|Original publication||Mortishire-Smith, 1991|
|Original source||Pseudomonas fluorescens LMG 5329 (originally named Pseudomonas reactants)|
|Other known sources (non-putative)||Pseudomonas reactans NCPPB1311 (Lo Cantore, 2006)|
Pseudomonas putida RW10S2 (Rokni-Zadeh, 2012),
Pseudomonas sp. (Motley, 2017)
Pseudomonas sp. NSE1 (Omoboye, 2019),
Pseudomonas sp. COW10 (Oni, 2020)
|Stereochemistry determined by||X-ray crystallography: P. fluorescens LMG 5329 (Han, 1992), P. reactans NCPPB1311, Pseudomonas. sp. (Motley, 2017) |
NMR spectral matching: P. putida RW10S2, P. sp. NSE1, P. sp. COW10
|Molecular weight||1126.4 g/mol|
|Mono-isotopic mass||1125.6897 Da (isobaric to other CLiPs, see text)|
|Solubility||Methanol, chloroform, acetone, buffer, DMF|
Not soluble (or very limited) in miliQwater
|Minimal surface tension||n.a.|
|3D conformation||Crystal structure (Han, 1992, Motley, 2017)|
|NMR data available in literature||DMSO (Mortishire-Smith, 1991) DMF (Olorunleke, 2017)|
WLIP (acronym for White Line Inducing Principle) was initially described as a secondary metabolite produced by a group of Pseudomonas species with the taxonomically incorrect designation Pseudomonas reactans. These bacteria are able to form a white line in agar when grown in the presence of the pathogen Pseudomonas tolaasii, the causal organism of brown blotch disease in mushrooms (Agaricus bisporus). The white line is a precipitate that is formed due to a specific interaction between diffusible compounds, more specifically WLIP (white line inducing principle/product) produced by Pseudomonas reactans and tolaasin, produced by Pseudomonas tolaasii. Both compounds are in fact cyclic lipodepsipeptides. Since then, it has been observed that the white-line-in-agar test is not specific, as other CLiPs can form a white line precipitate in the presence of tolaasin.
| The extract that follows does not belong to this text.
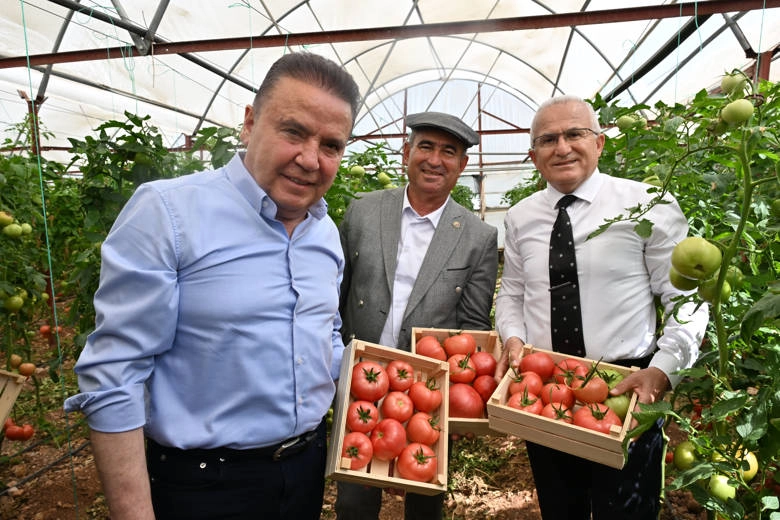 IV. Uluslararası FoodFest Gastronomi Festivali domates hasadı ile başladı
The antimicrobial activity of WLIP has often been analysed, with >160 assays available in literature. (reviewed in Geudens, 2018) Its activities are often described together with the antimicrobial activities of tolaasin, with which it forms a white line reaction. From these assays, it is clear that WLIP is mostly active against Gram-positive bacteria. In contrast, it is generally inactive against Gram-negative bacteria, with the notable exception of Xanthomonas species for which it does cause an antagonism. Against fungi, WLIP appears active in approx. 50% of the reported assays, although the strains are non-overlapping with those typically tested for other Pseudomonas CLiPs.
The structure of WLIP was first elucidated in 1991 by means of mass spectrometry, liquid state NMR spectroscopy and chiral gas chromatography. (Mortishire-Smith, 1991). It consists of a 3-hydroxy decanoic acid (HDA) linked to a cyclic peptide consisting of 9 amino acids, of which 7 are contained in the macrocycle. More specifically, the chemical structure of WLIP is (R)-3-OH C10:0 – L-Leu1 – D-Glu2 – D-aThr3 – D-Val4 – D-Leu5 – D-Ser6 – L-Leu7 – D-Ser8 – L-Ile9. The molecule is cyclized by means of an ester bond between the C-terminus and the side chain hydroxyl moiety of threonine at position 3. The structure of WLIP bears a single negative charge at physiological pH due to the presence of a glutamic acid at position 2. The structure of WLIP belongs to the viscosin group, and strongly that of other group members such as pseudodesmin A, which differs only in the presence of Gln2 instead of Glu2, and viscosin, which differs only in the configuration of Leu5, being L-Leu5 in viscosin and D-Leu5 in WLIP.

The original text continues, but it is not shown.